T-30.III.6. Nothing that God knows not exists. 2 And what He knows exists forever, changelessly. 3 For thoughts endure as long as does the mind that thought of them. 4 And in the Mind of God there is no ending, nor a time in which His Thoughts were absent or could suffer change. p631 5 Thoughts are not born and cannot die. 6 They share the attributes of their creator, nor have they a separate life apart from his. 7 The thoughts you think are in your mind, as you are in the Mind which thought of you. 8 And so there are no separate parts in what exists within God's Mind. 9 It is forever One, eternally united and at peace.

T-30.III.7. Thoughts seem to come and go. 2 Yet all this means is that you are sometimes aware of them, and sometimes not. 3 An unremembered thought is born again to you when it returns to your awareness. 4 Yet it did not die when you forgot it. 5 It was always there, but you were unaware of it. 6 The Thought God holds of you is perfectly unchanged by your forgetting. 7 It will always be exactly as it was before the time when you forgot, and will be just the same when you remember. 8 And it is the same within the interval when you forgot.

T-30.III.8. The Thoughts of God are far beyond all change, and shine forever. 2 They await not birth. 3 They wait for welcome and remembering. 4 The Thought God holds of you is like a star, unchangeable in an eternal sky. 5 So high in Heaven is it set that those outside of Heaven know not it is there. 6 Yet still and white and lovely will it shine through all eternity. 7 There was no time it was not there; no instant when its light grew dimmer or less perfect ever was.

T-30.III.9. Who knows the Father knows this light, for He is the eternal sky that holds it safe, forever lifted up and anchored sure. 2 Its perfect purity does not depend on whether it is seen on earth or not. 3 The sky embraces it and softly holds it in its perfect place, which is as far from earth as earth from Heaven. 4 It is not the distance nor the time that keeps this star invisible to earth. 5 But those who seek for idols cannot know the star is there.
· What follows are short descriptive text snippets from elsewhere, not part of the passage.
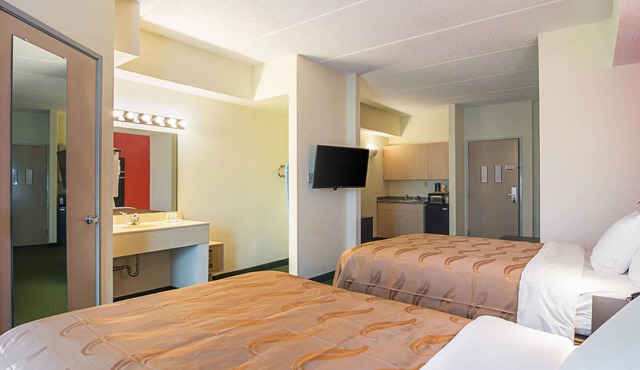 Quality Suites Atlanta Airport East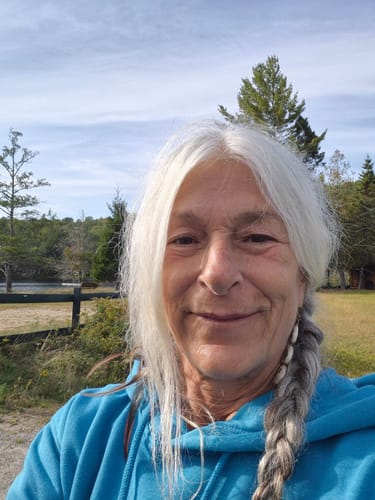 Customer photo review of 100 Mini-Affirmations for Manifesting Anything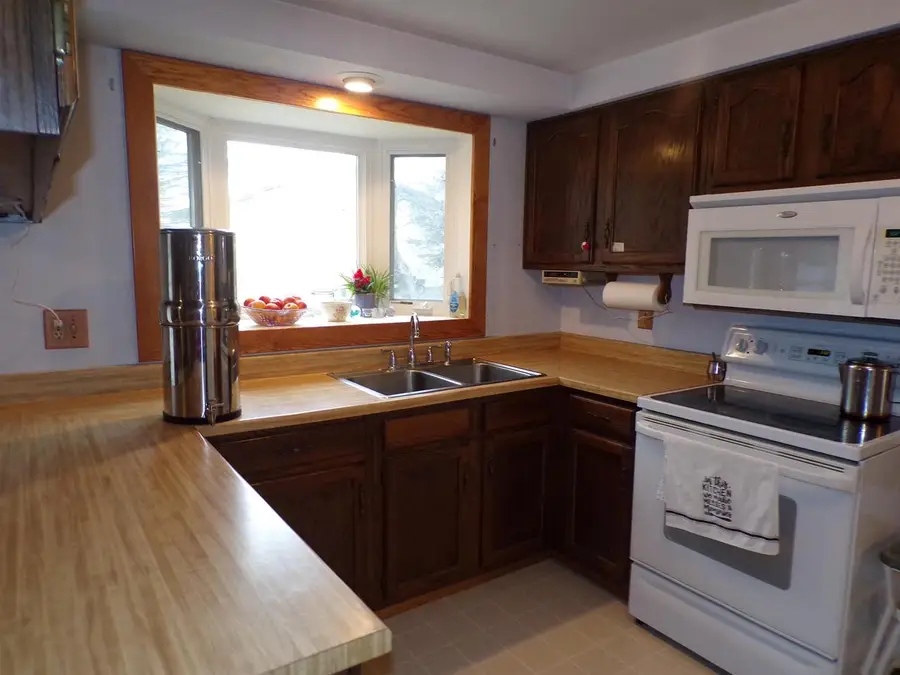 506 E 1ST STREET, Loyal, WI 54446 - #3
T-30.III.10. Beyond all idols is the Thought God holds of you. 2 Completely unaffected by the turmoil and the terror of the world, the dreams of birth and death that here are dreamed, the myriad of forms that fear can take; quite undisturbed, the Thought God holds of you remains exactly as it always was. 3 Surrounded by a stillness so complete no sound of battle comes remotely near, it rests in certainty and perfect peace. 4 Here is your one reality kept safe, completely unaware of all the world that worships idols, and that knows not God. 5 In perfect sureness of its changelessness and of its rest in its eternal home, the Thought God holds of you has never left the Mind of its Creator Whom it knows, as its Creator knows that it is there. p633

T-30.III.11. Where could the Thought God holds of you exist but where you are? 2 Is your reality a thing apart from you, and in a world which your reality knows nothing of? 3 Outside you there is no eternal sky, no changeless star and no reality. 4 The mind of Heaven's Son in Heaven is, for there the Mind of Father and of Son joined in creation which can have no end. 5 You have not two realities, but one. 6 Nor can you be aware of more than one. 7 An idol <or> the Thought God holds of you is your reality. 8 Forget not, then, that idols must keep hidden what you are, not from the Mind of God, but from your own. 9 The star shines still; the sky has never changed. 10 But you, the holy Son of God Himself, are unaware of your reality.



IV. The Truth behind Illusions

T-30.IV.1. You will attack what does not satisfy, and thus you will not see you made it up. 2 You always fight illusions. 3 For the truth behind them is so lovely and so still in loving gentleness, were you aware of it you would forget defensiveness entirely, and rush to its embrace. 4 The truth could never be attacked. 5 And this you knew when you made idols. 6 They were made that this might be forgotten. 7 You attack but false ideas, and never truthful ones. 8 All idols are the false ideas you made to fill the gap you think arose between yourself and what is true. 9 And you attack them for the things you think they represent. 10 What lies beyond them cannot be attacked.

T-30.IV.2. The wearying, dissatisfying gods you made are blown-up children's toys. 2 A child is frightened when a wooden head springs up as a closed box is opened suddenly, or when a soft and silent woolly bear begins to squeak as he takes hold of it. 3 The rules he made for boxes and for bears have failed him, and have broken his "control" of what surrounds him. 4 And he is afraid, because he thought the rules protected him. 5 Now must he learn the boxes and the bears did not deceive him, broke no rules, nor mean his world is made chaotic and unsafe. 6 He was mistaken. 7 He misunderstood what made him safe, and thought that it had left.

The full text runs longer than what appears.